I’m picking apart the differences between mystery and suspense with the help of T. Macdonald Skillman’s book, WRITING THE THRILLER . Today’s post will also be aided by Carolyn Wheat, who came up with sixteen differences between the two closely related genres.
Last week I covered the number one difference: mystery is a puzzle, suspense is a nightmare.
Number two, according to Wheat, is this: “Mystery is a power fantasy; we identify with the detective. Suspense is a victim fantasy; we identify with someone at the mercy of others.”
This is fairly straight forward, but I’ll illustrate it with well-known authors to drive the point home. I’m reading a Harlan Coben mystery right now called BACK SPIN. The protagonist is sports agent Myron Bolitar, who also happens to solve mysteries when they drop in his lap.

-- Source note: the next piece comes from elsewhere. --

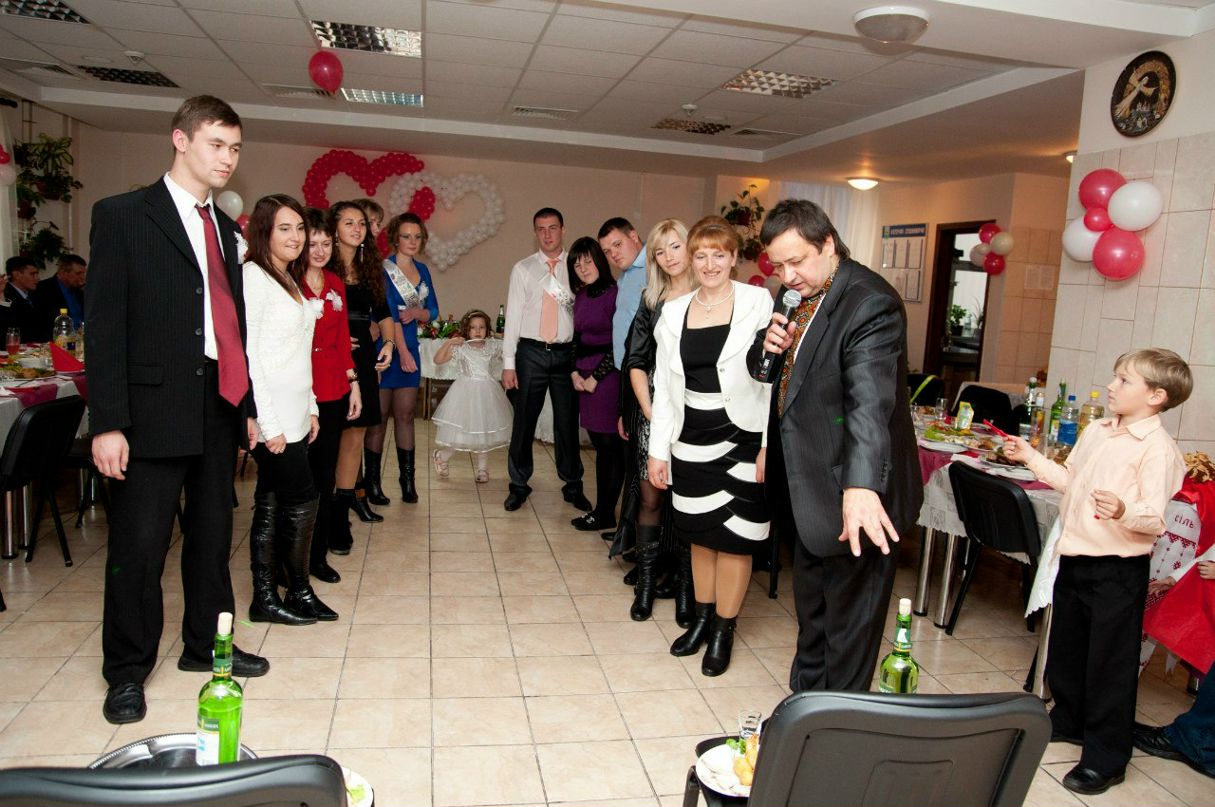 Сергей Лаврененко фотография #42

The book contains elements of suspense–scary things happen to Myron as he’s investigating. Bad guys try to beat him up or otherwise scare him off the case. But he sticks with it until he achieves his goal. In this book, the goal is to find the missing teen-ager. I know, for certain, that Myron will survive because there are six more books in this series. The reader identifies with Myron as he follows the clues, interviews people, and talks through the possible scenarios with his friends. We sympathize with Myron as he gains the upper hand and overcomes the bad guys.
Suspense often contain elements of mystery and horror, so it’s hard to separate them sometimes, but usually in a suspense, the reader knows whodunit and get to see at least a few scenes from the antagonist’s perspective. The bad guy knows that the good guy is closing in, and plans to stop the good guy. Then the reader gets to anticipate the moment when the protagonist walks into the trap.
Or the reader is privvy to some other danger lurking nearby that’s unrelated to the antagonist’s plans. Sometimes the antagonist has no plan. Think of the movie JAWS. The shark hasn’t set out to have bikini-clad girl for lunch. She just showed up at the right time. The viewers know of the danger. The girl does not. The viewers identify with the girl, shouting at the screen, “Get out of the water!”
Consider SILENCE OF THE LAMBS, when the young woman gets dumped into the antagonist’s pit. The basket of skin lotion is lowered down to her. She’s frightened out of her mind, but she doesn’t have a clue (yet) what’s in store for her. We do. And we’re terrified for her. We feel sympathy for the victim and hope she makes it out okay.